I walk down the hallway of Cedars-Sinai Hospital, and the air smells like disinfectant mixed with faint coffee.

Nurses move quickly, their Crocs gliding against the polished floor. The Los Angeles rain has soaked me, leaving my sleeves and hair damp.

I hold Sophie’s tiny hand tightly in mine, her warmth pressed against my palm. My six-year-old daughter blinks rapidly at everything: the bright signs, the glass doors, the polished nameplates on every office door.

I have practiced this moment in my head for days, what to say, how to smile, how to keep my voice steady.
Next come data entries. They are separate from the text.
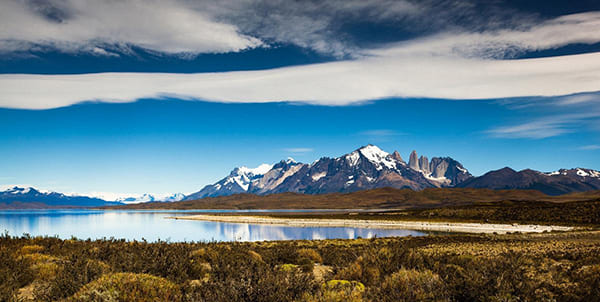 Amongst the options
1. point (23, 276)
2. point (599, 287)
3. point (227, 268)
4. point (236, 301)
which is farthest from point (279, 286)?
point (23, 276)

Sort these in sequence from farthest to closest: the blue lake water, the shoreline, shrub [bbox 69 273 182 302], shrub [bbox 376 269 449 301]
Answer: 1. the blue lake water
2. the shoreline
3. shrub [bbox 376 269 449 301]
4. shrub [bbox 69 273 182 302]

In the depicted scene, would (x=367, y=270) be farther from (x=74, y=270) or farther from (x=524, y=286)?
(x=74, y=270)

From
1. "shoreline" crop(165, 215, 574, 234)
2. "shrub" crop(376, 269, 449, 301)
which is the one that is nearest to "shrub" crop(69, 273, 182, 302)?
"shrub" crop(376, 269, 449, 301)

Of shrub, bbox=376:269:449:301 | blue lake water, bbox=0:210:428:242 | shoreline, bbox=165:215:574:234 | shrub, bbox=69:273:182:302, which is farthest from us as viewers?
blue lake water, bbox=0:210:428:242

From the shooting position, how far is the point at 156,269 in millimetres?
11070

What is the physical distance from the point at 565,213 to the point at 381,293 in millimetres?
74058

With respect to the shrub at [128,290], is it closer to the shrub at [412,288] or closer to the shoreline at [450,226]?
the shrub at [412,288]

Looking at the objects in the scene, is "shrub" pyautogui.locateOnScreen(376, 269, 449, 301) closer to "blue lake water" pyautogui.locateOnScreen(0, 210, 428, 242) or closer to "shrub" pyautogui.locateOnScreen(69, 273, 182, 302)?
"shrub" pyautogui.locateOnScreen(69, 273, 182, 302)

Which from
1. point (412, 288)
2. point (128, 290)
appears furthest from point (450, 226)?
point (128, 290)

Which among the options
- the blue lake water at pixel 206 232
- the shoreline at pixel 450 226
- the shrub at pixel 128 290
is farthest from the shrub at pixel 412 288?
the shoreline at pixel 450 226

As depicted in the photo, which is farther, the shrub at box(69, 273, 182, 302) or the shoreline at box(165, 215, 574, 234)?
the shoreline at box(165, 215, 574, 234)

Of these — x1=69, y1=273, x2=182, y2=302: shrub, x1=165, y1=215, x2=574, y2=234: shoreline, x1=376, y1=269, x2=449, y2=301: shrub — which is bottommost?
x1=165, y1=215, x2=574, y2=234: shoreline

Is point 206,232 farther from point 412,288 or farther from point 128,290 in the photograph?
point 412,288

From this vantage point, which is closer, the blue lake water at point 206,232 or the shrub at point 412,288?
the shrub at point 412,288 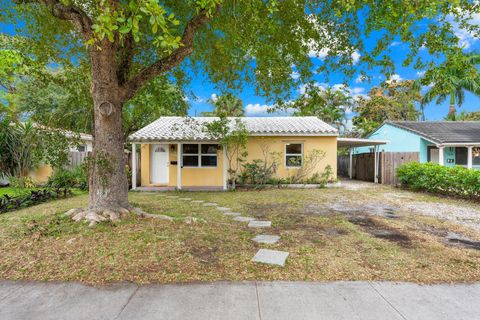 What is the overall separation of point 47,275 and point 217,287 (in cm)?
214

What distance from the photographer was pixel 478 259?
370cm

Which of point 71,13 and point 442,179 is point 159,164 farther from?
point 442,179

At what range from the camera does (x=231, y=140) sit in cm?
1093

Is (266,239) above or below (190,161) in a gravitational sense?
below

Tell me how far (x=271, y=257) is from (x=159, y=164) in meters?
9.82

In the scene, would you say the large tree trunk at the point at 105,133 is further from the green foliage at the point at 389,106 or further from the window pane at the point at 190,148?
the green foliage at the point at 389,106

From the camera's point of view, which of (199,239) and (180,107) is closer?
(199,239)

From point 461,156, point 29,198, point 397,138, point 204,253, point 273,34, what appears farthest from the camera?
point 397,138

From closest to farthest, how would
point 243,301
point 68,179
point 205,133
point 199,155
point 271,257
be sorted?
point 243,301
point 271,257
point 68,179
point 205,133
point 199,155

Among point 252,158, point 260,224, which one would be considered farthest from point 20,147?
point 260,224

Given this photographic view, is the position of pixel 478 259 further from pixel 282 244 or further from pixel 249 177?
pixel 249 177

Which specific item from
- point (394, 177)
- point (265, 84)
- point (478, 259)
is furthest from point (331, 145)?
point (478, 259)

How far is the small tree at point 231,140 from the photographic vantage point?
35.2 ft

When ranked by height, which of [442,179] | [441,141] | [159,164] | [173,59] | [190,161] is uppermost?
[173,59] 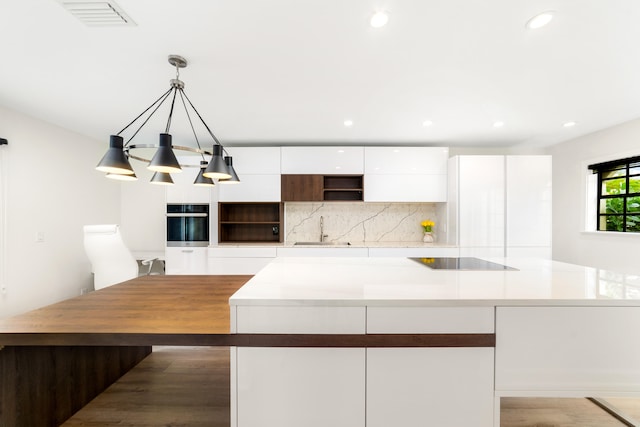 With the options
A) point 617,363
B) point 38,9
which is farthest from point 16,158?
point 617,363

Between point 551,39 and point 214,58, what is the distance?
2285 mm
But as I sit at the reception area of the consulting room, staring at the name on the door, I keep twisting my wristwatch, and waves of emotion rush through me.

Attending Physician: Dr. Peter Hayes.

The name feels strange on paper, yet my body remembers it instantly. My breath grows shallow, a small pain blooming beneath my ribs.

Seven years. It’s been seven long years since I last saw him, since I stormed out of his apartment in tears and swore never to look back.

But that girl is gone.

The overweight, softhearted girl who used to believe in fairy tales died quietly that night. What’s left is Naomi Wells, a woman of calm voice and careful steps, someone who has built a safe, small world for herself and her daughter.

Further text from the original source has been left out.